Exercise details :: In the entries below, find the line with "7/11 Frezowanie asfaltu na Spichrzowej" and the line with "Stripchat Free Porn Cam of IsabellBigtitsxx". Repeat exactly everything between them, those two lines included, but not the pictures.

Supplied material ::
================================
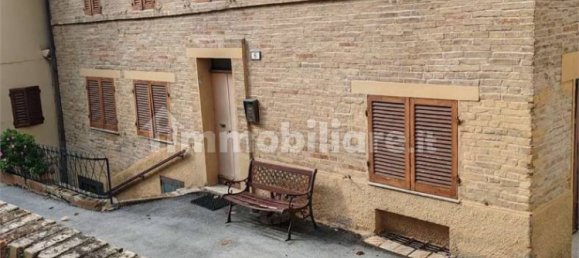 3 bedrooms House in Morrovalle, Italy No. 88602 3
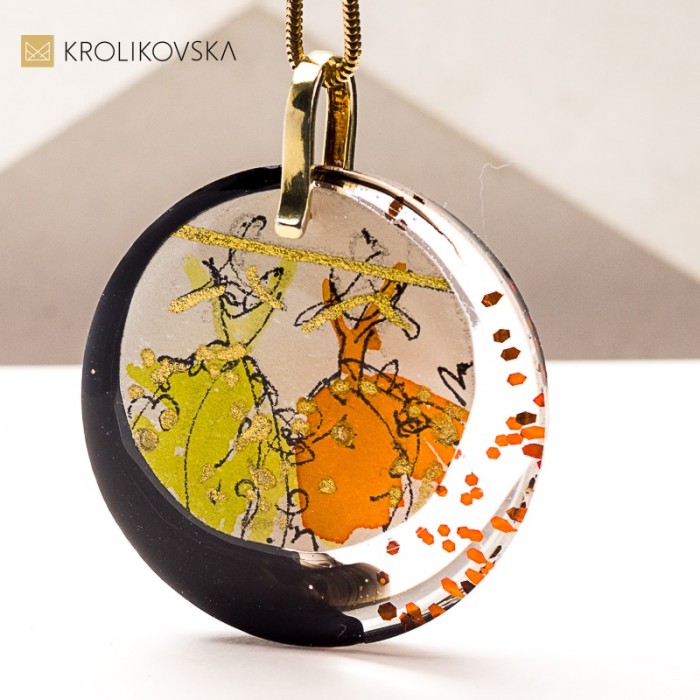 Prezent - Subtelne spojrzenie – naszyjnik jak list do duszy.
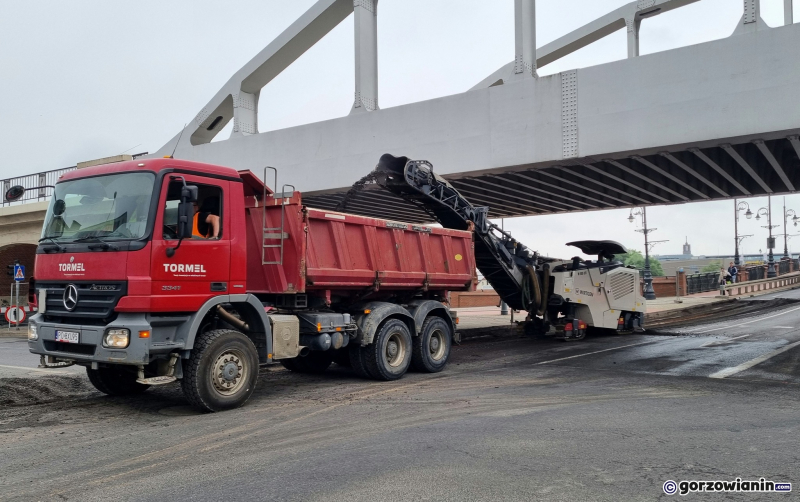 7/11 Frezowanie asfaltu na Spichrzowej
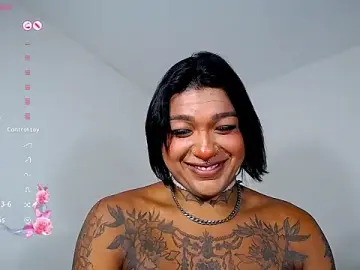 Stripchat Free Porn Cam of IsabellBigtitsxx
================================
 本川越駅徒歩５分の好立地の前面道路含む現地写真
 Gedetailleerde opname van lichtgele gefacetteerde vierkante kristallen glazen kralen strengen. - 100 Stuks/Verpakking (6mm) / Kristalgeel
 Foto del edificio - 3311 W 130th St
================================
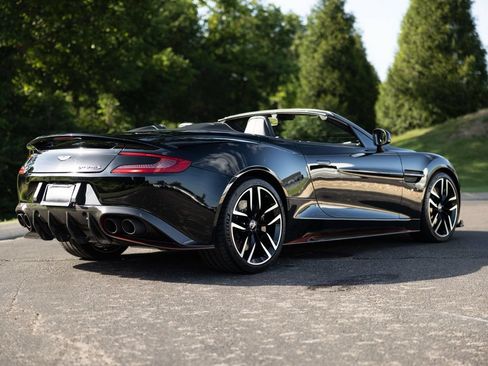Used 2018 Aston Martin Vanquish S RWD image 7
================================
Result ::
 7/11 Frezowanie asfaltu na Spichrzowej
 Stripchat Free Porn Cam of IsabellBigtitsxx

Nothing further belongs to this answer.